On January 13, 1888, 33 explorers and scientists were invited to the Cosmos Club in Washington, D.C. There they made a commitment to for a society “for the increase and diffusion of geographical knowledge” to rival England’s Royal Society—the National Geographic Society. Gardiner Green Hubbard become its first president two weeks later. By then, Gardiner’s daughter Mabel had been married to the inventor Alexander Graham Bell (called “Alec” by his friends) for almost eleven years.
For years, the Society met regularly to present esoteric papers on exploration, natural observations, and geological findings. These presentations were irregularly printed together in a haphazard style and made available to the members of the Society.

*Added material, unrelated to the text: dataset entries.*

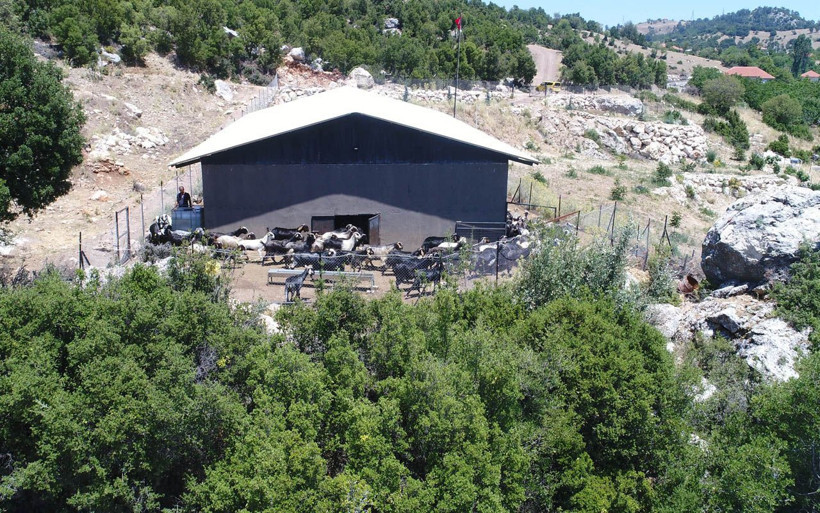 20 keçiyle başladı sayıları arttı! İşini bıraktı Antalya'da üretiyor fiyatına rağmen yok satıyor - Resim: 1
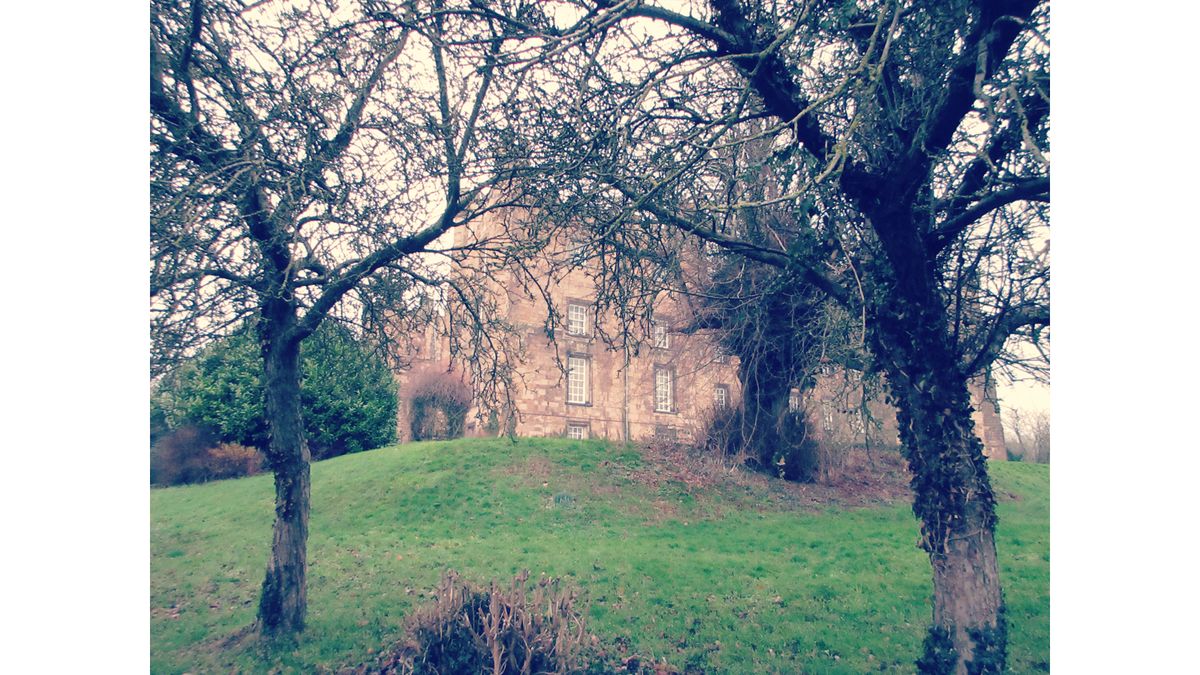 Images takes with the Canon Powershot Ixus 285 HS A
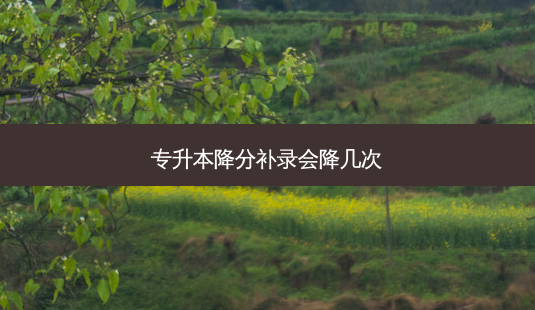 专升本降分补录会降几次-第1张图片-天智网 专升本降分补录会降几次-第1张图片-天智网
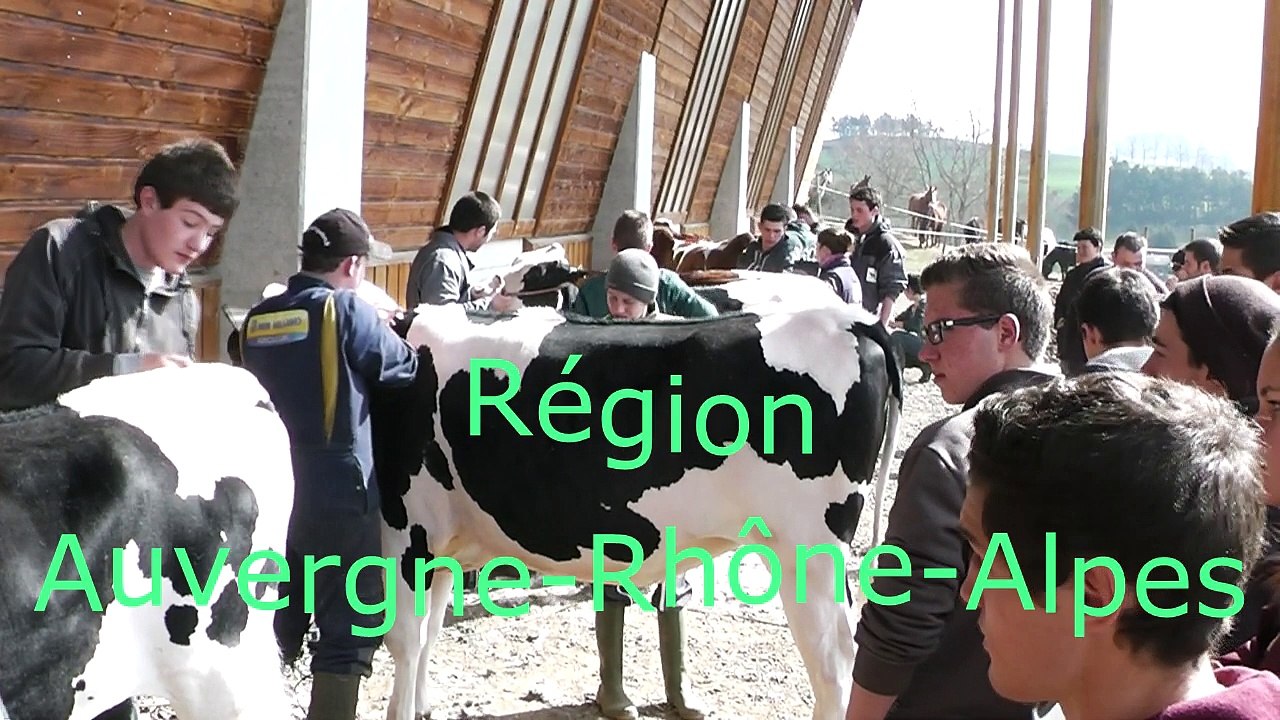 Challenge Inter-lycees de jeunes meneurs 2016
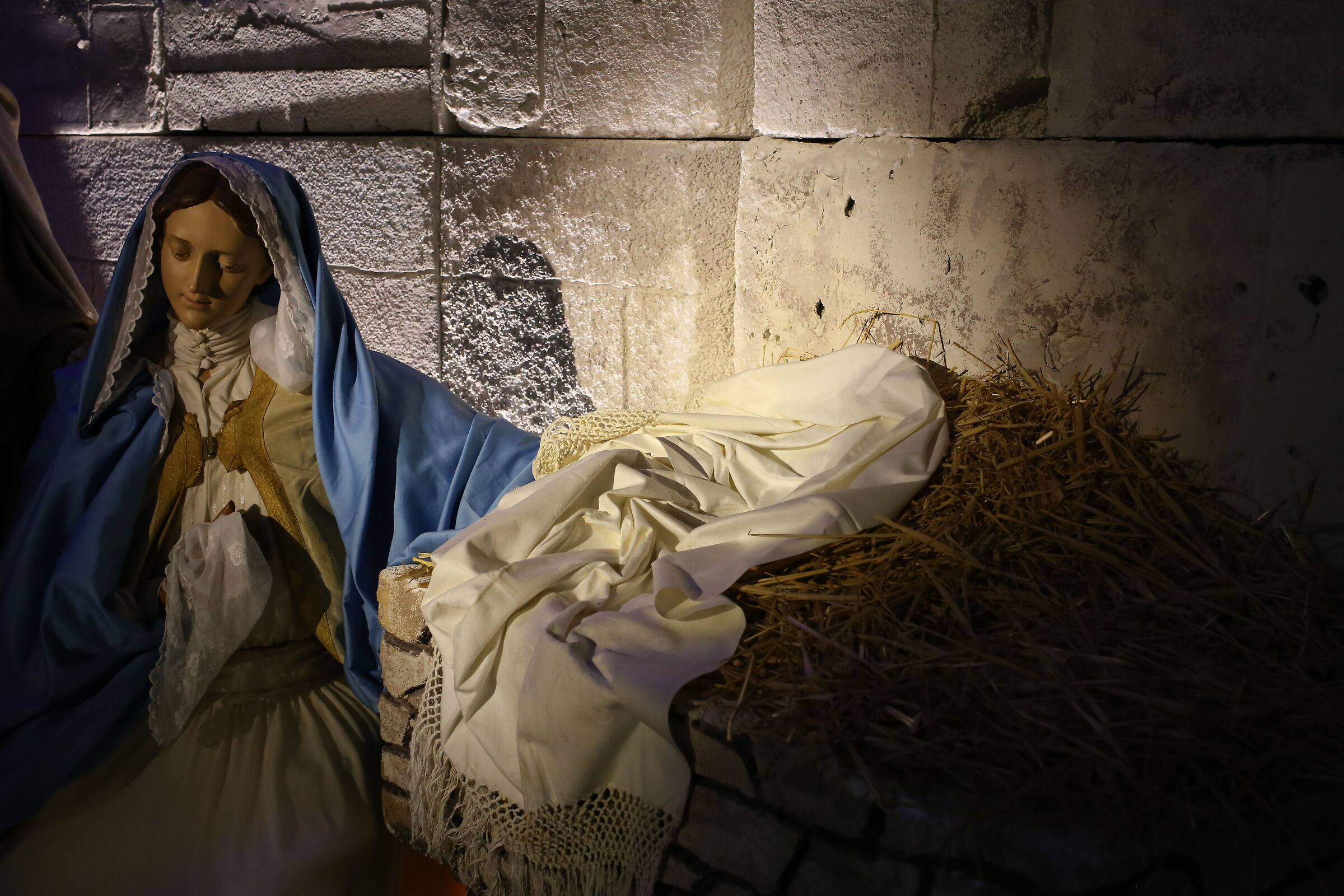 Milvus Zeiss 50, 1.4- Canon 6 D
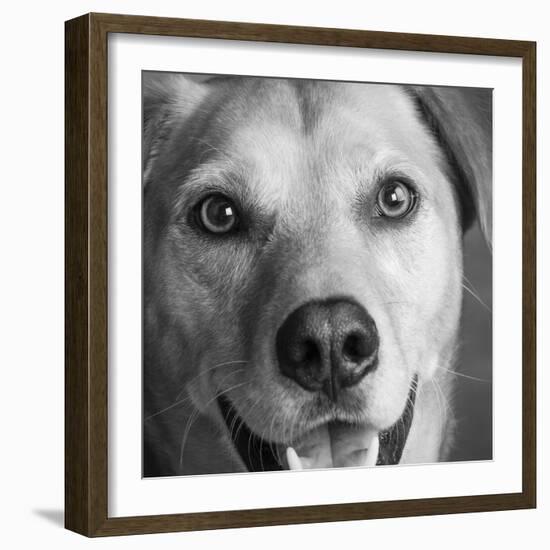 Portrait of Red Bone Coon Mix Dog-Panoramic Images-Framed Photographic Print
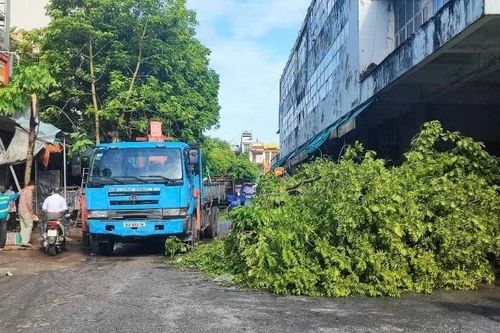 Thanh Hóa: Khẩn trương vệ sinh môi trường, phòng chống dịch bệnh tại nhiều khu dân cư sau mưa bão
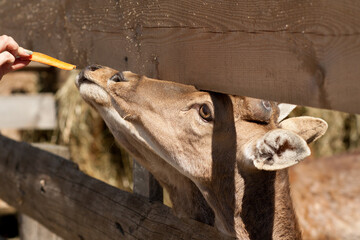Visitors fed with carrots a little deer in petting zoo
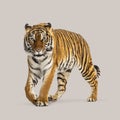Studio shot of a tiger pacing confidently against a neutral background Royalty Free Stock Photo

Bell, having tried to bolster the journal Science earlier in his life, devoted his term as president to making this shoddy publication something useful and popular. He asked a friend, Edwin Grosvenor, if either of his twin sons (Gilbert or Edwin) would be willing to edit the journal. Gilbert was more than happy for a change of pace.
Under Gilbert Grosvenor’s tenure, both the magazine and Society’s membership flourished. He trimmed out the overly jargony scientific articles in favor of tales of world exploration and geopolitical pieces. When particular editions came up short, he added page after page of pictures—a bold idea for its time, but now, one of the cornerstone features of the magazine. From then on, members of the Grosvenor family would help to shape the Society and the magazine for the remainder of the 20th century.
While I’ve heard the courtship story of Alec and Mabel in about a half-dozen other books already, I found the early history of the society and its foundation much more interesting than the recent details. Modern events still need to play out before we can call them history. Bell and the Grosvenor family’s stewardship of the organization show a genuine concern with helping to popularize science, exploration, and global understanding. And that can’t be a bad thing. All in all, a satisfying book.